4. Besluiten Wij besluiten onder de volgende voorschriften in te stemmen met het saneringsplan. 1. De saneerder meldt uiterlijk 10 werkdagen voor de feitelijke aanvang van de grondsanering, respectievelijk de grondwatersanering schriftelijk bij het college de aanvangsdatum van de grondsanering, respectievelijk de grondwatersanering. 2. Indien de grondsanering respectievelijk de grondwatersanering niet zal worden gestart op de gemelde aanvangsdatum of de overeenkomstig dit voorschrift aangepaste aanvangsdatum, meldt de saneerder dit onverwijld schriftelijk aan het college, onder opgave van de nieuwe aanvangsdatum. Indien de nieuwe aanvangsdatum op dat moment nog niet bekend is, meldt de saneerder de nieuwe aanvangsdatum minimaal twee weken voor deze datum schriftelijk aan het college. 3. Indien bij de sanering ontgraving van verontreinigde grond plaatsvindt, stelt de saneerder uiterlijk twee dagen voorafgaand aan het tijdstip waarop over het gehele gebied van de ontgraving de einddiepte bereikt zal worden en tot aanvulling van de ontgraving zal worden overgegaan het college daarvan op de hoogte. Bij ontgraving en aanvulling in gedeeltes, geldt voornoemde verplichting tot melding per gedeelte. 4. De saneerder meldt de beëindiging van de grondsanering, respectievelijk de grondwatersanering binnen 5 werkdagen na beëindiging van de grondsanering, respectievelijk de grondwatersanering schriftelijk aan het college. 5. Het saneringsverslag dient aan het college van burgemeester en wethouders ter beoordeling te worden voorgelegd, binnen drie maanden na afronding van de sanering 6. De onderzoeken, de uitvoering van de sanering en de milieukundige begeleiding als bedoeld in deze beschikking (SP 2220020) of saneringsplan Saneringsplan Meidoornstraat 19-29/Jasmijnstraat 3-11 Den Haag) worden uitgevoerd door een persoon of instelling die op grond van het Besluit bodemkwaliteit (of daarvoor in de plaats tredende regelgeving) beschikt over een erkenning voor het uitvoeren van de betrokken werkzaamheden.
SP 2220020/PMI
5
7. De plannen van aanpak betreffende de uitvoering van de eerste fase, de tweede fase en de faalmaatregelen en het monitoringsplan voor de restverontreiniging, dienen aan de afdeling Uitvoering Milieutaken van de dienst Stadsbeheer ter goedkeuring te worden voorgelegd minimaal één maand voor uitvoering. Deze plannen dienen te voldoen aan relevante wet- en regelgeving, de verordening bodemsanering gemeente Den Haag en de genoemde criteria uit het van toepassing zijnde saneringsplan. 8. Alle monitoringsrapportages dienen aan de afdeling Uitvoering Milieutaken van de dienst Stadsbeheer ter goedkeuring te worden voorgelegd.

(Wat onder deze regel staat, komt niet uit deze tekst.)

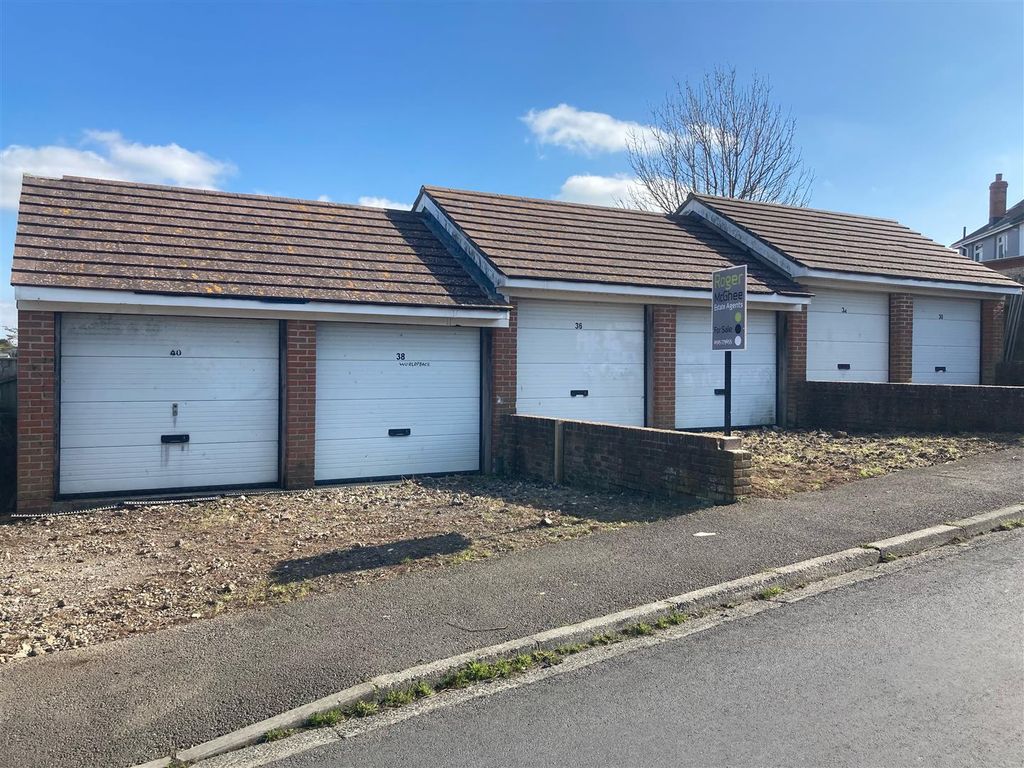 3 bed parking/garage for sale in Queensland Road, Weymouth DT4 Zoopla
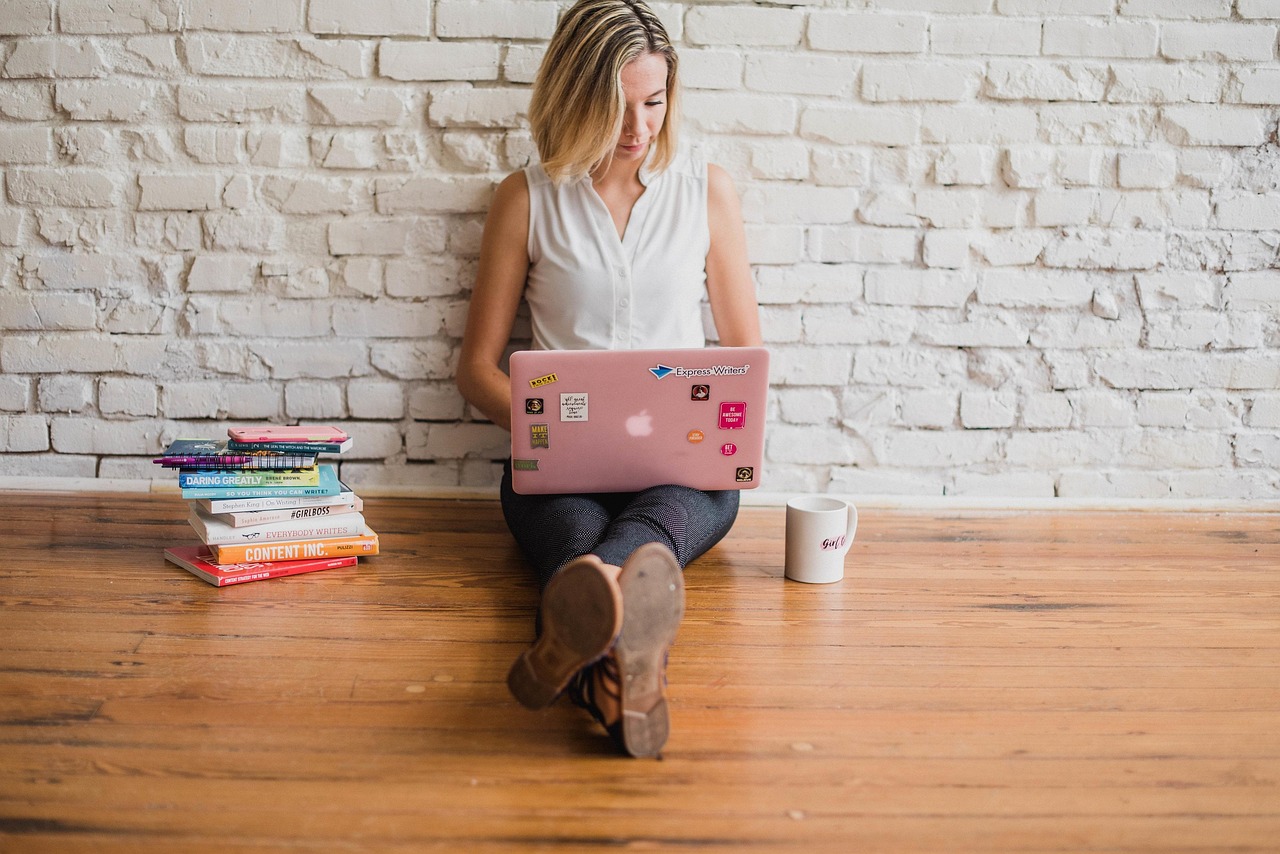 Lena Mahfouf : de star des réseaux à entrepreneuse inspirante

Burgemeester en wethouders van Den Haag, namens dezen: hoofd Uitvoering Milieutaken
ing. L. Hopman
Rechtsbescherming Bent u het niet eens met dit besluit? En bent u belanghebbende? U kunt dan een beroepschrift indienen als u − al eerder een zienswijze heeft ingebracht n.a.v. de ontwerpbeschikking; − bezwaren heeft tegen de wijzigingen die in de beschikking t.o.v. de ontwerpbeschikking zijn aangebracht; − kan aantonen dat u redelijkerwijs niet in staat bent geweest om zienswijzen in te brengen n.a.v. de ontwerpbeschikking. Stuur dit uiterlijk binnen zes weken na de bekendmaking naar: Afdeling Bestuursrechtspraak van de Raad van State Postbus 20019 2500 EA DEN HAAG In het beroepschrift moet het volgende staan: - naam en adres; - de datum en handtekening; - een duidelijke omschrijving van het besluit waartegen u in beroep wilt gaan (stuur een kopie mee of noem ook het kenmerk); - de reden of argumenten waarom u beroep instelt. Op www.denhaag.nl/beroep vindt u meer informatie. Bij een spoedeisend belang kunt u een verzoek om een voorlopige voorziening indienen bij de Voorzitter van de Afdeling Bestuursrechtspraak van de Raad van State.